Sebelum aku lupa maka kuceritakan sekarang saja pada kalian. Hari ini Rinduku tuntas kawan, dan pastinya kau tahu bagaimana rasanya jika sebuah rindu terbayarkan. Menyenangkan, dan ini lebih dari menyenangkan, ini membahagiakan karena rindu ini sudah kupendam hampir 4 tahun lamanya, rindu yang hampir terlupa tapi kemudian muncul kembali karena aku inginkan rasa itu kembali lagi dalam diriku, dalam hatiku.

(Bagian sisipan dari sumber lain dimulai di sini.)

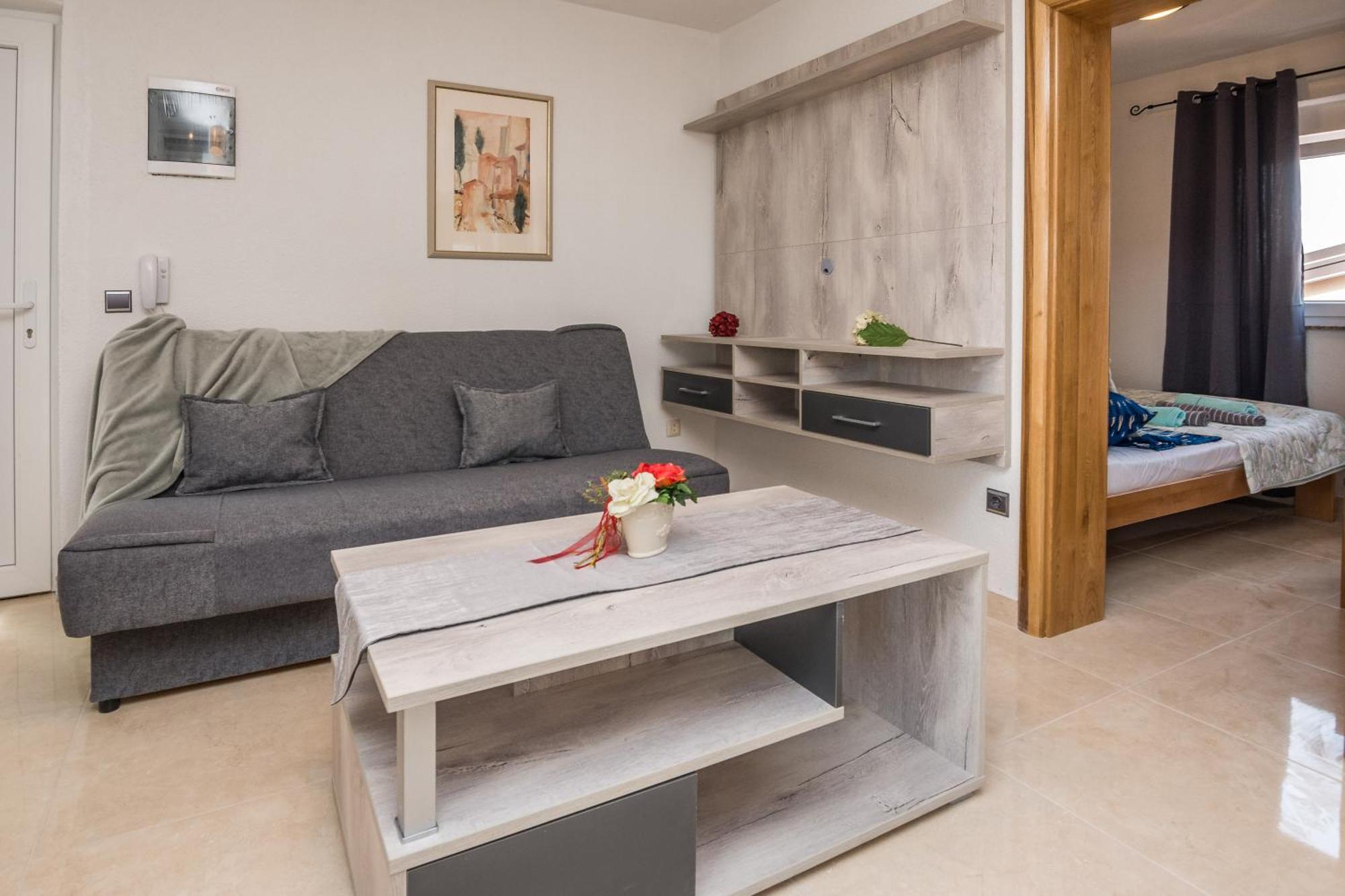 Apartmán Plaza Ab Vir Pokoj fotografie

Rasa yang pernah membuatku merasa nyaman, merasa cukup dengan apa yang kupunya dan pastinya rasa yang membuatku tentram.
Awalnya puasa tahun ini tak bermakna bagiku, tak berpengaruh pada imanku. Puasa yang kujalani dengan terpaksa hanya karena sekedar tak ingin meninggalkan kewajiban dari-NYA. Dan hampir dua minggu terlewat sudah tanpa ada perubahan yang bermakna dalam tingkah polahku, hanya jam makan dan tidur saja yang berbeda. Dan tentunya rasa bosan akan hadir pada akhirnya, entah kenapa aku ingin berubah dan tak ada waktu lagi untuk berleha-leha dan terus dikuasai oleh nafsu dunia.

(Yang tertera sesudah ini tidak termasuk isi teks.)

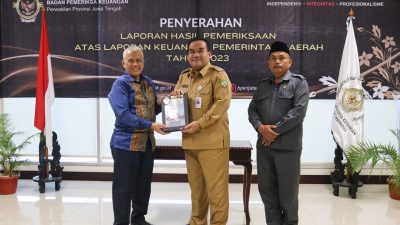 TUTURPEDIA - Alhamdulillah! Blora Kembali Terima Penghargaan Opini WTP, Bupati: Ini Jadi Acuan untuk Lebih Baik Lagi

Masih ku ingat jelas hari itu, sabtu sore ketika habis berbuka aku duduk sendiri di depan rumah sembari menghisap sebatang rokok yang tak pernah terlupa menemaniku saat berbuka. aku paksakan diri ini untuk mengambil wudhu yang awalnya untuk melakukannya pun aku ragu. Sehabis shalat magrib, ku buka kembali lemari dimana aku menyimpan buku. Tak akan susah untuk mendapat apa yang ku cari, sebuah musaf. Aku katakana pada diriku sendiri “Inilah saatnya!”.
Hari itu ku mulai lagi rutinitas lamaku, membaca Al Qur’an sebahis sembahyang. Tapi tak semudah dulu, tak seindah dulu dan tak sekhusyuk dulu. Aku katakana pada diriku “Sebuah usaha tak akan berhasil pada awalnya.” . Dan mulai hari itu aku paksakan diriku untuk shalat lima waktu dan selalu membaca artinya mengaji serta sehabisnya. Dan lagi-lagi tak mudah untuk menemukan rasa khusyuk itu kembali seperti dulu.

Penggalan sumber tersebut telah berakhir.